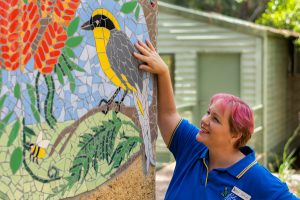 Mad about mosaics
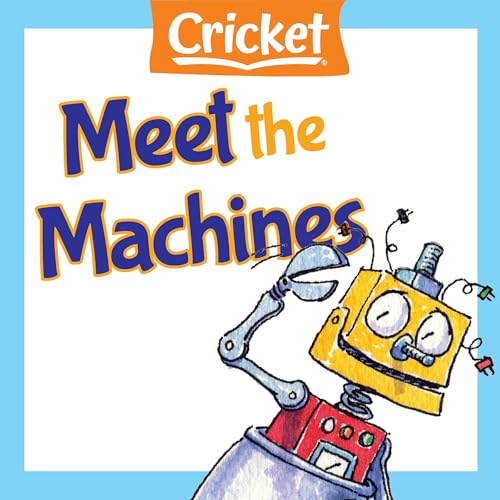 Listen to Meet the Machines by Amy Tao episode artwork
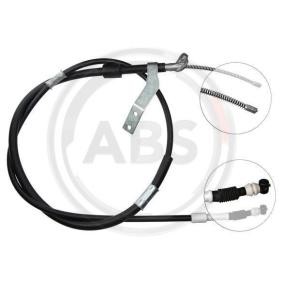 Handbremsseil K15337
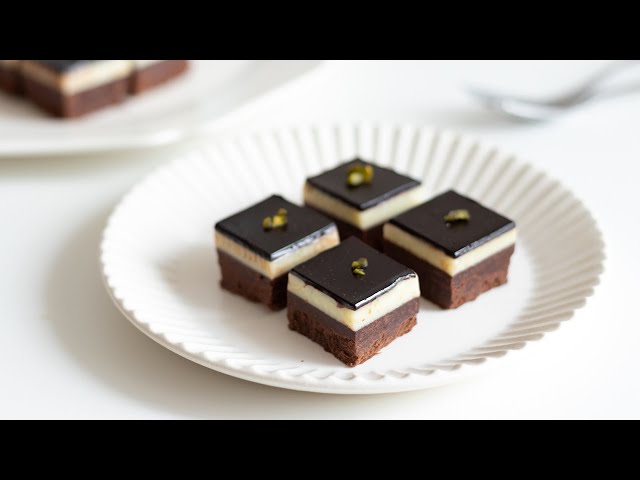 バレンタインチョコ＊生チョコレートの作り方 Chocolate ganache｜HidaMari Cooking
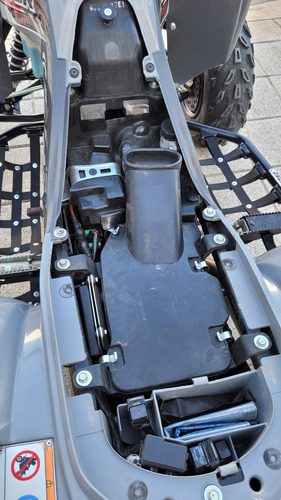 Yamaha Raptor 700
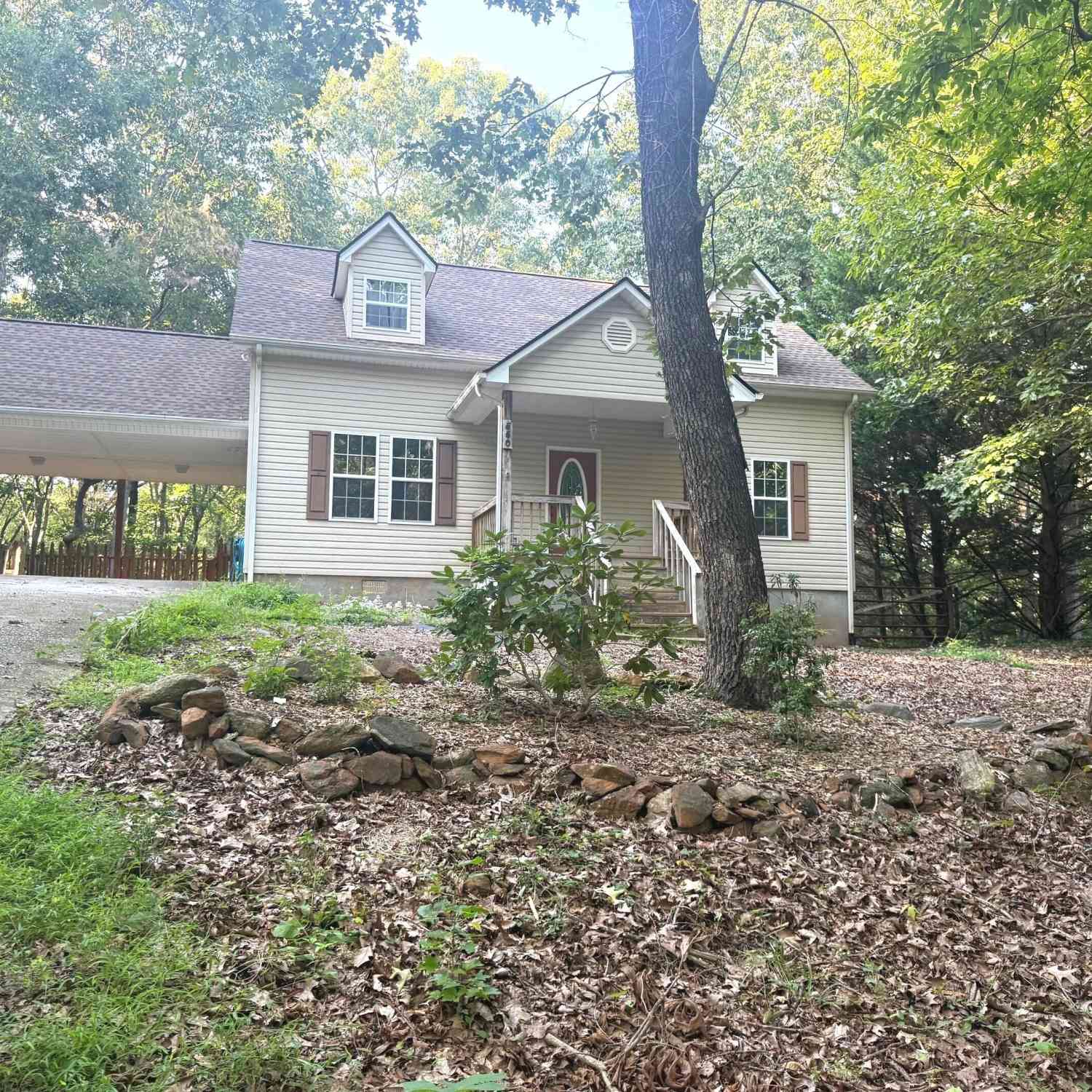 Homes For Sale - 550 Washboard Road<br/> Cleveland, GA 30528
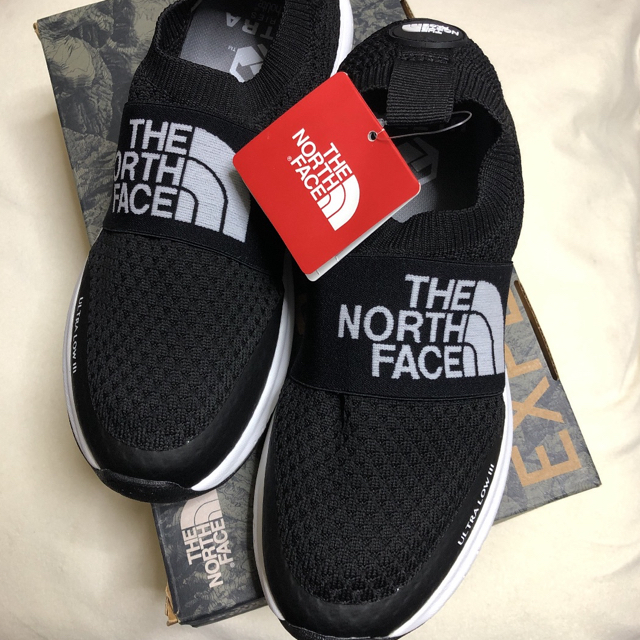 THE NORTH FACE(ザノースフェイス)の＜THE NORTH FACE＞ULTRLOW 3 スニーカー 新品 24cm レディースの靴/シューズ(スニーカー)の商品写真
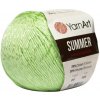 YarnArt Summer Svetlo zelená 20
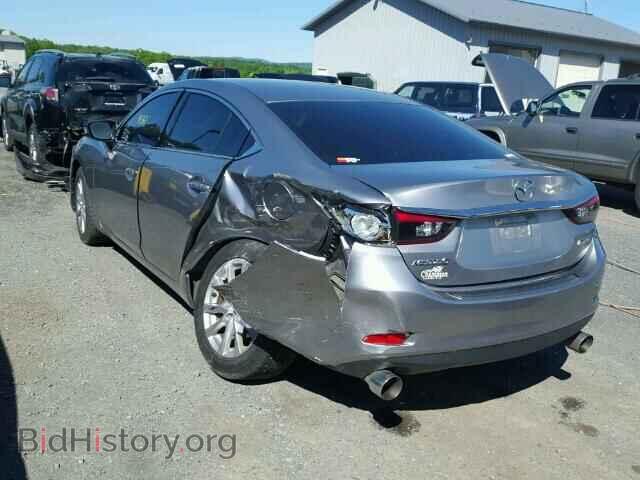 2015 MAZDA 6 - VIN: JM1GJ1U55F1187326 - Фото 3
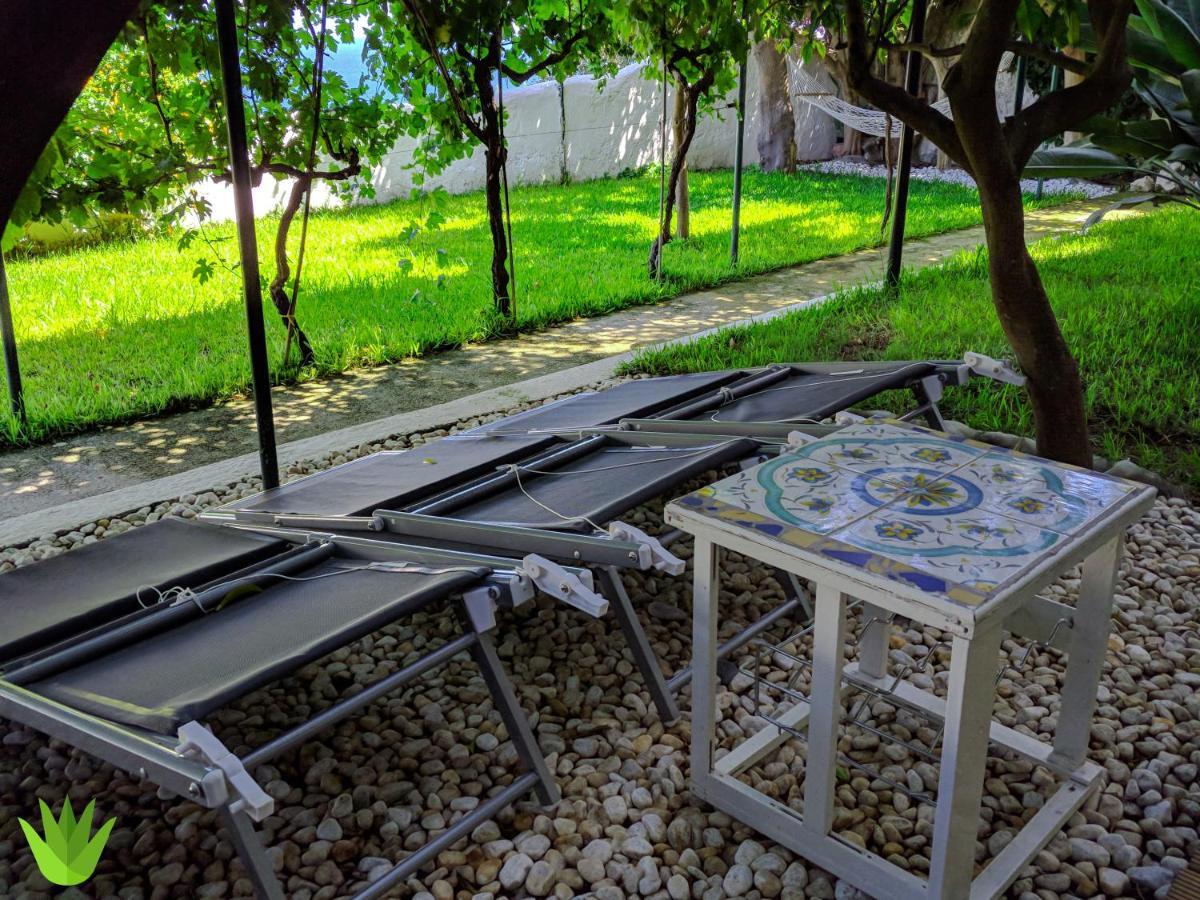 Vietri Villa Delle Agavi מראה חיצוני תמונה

§ Task to complete
Once the line containing "2015 MAZDA 6" is found, write out exactly that line and each line after it through the end of the entries, omitting pictures.

§ Output of the exercise
 2015 MAZDA 6 - VIN: JM1GJ1U55F1187326 - Фото 3
 Vietri Villa Delle Agavi מראה חיצוני תמונה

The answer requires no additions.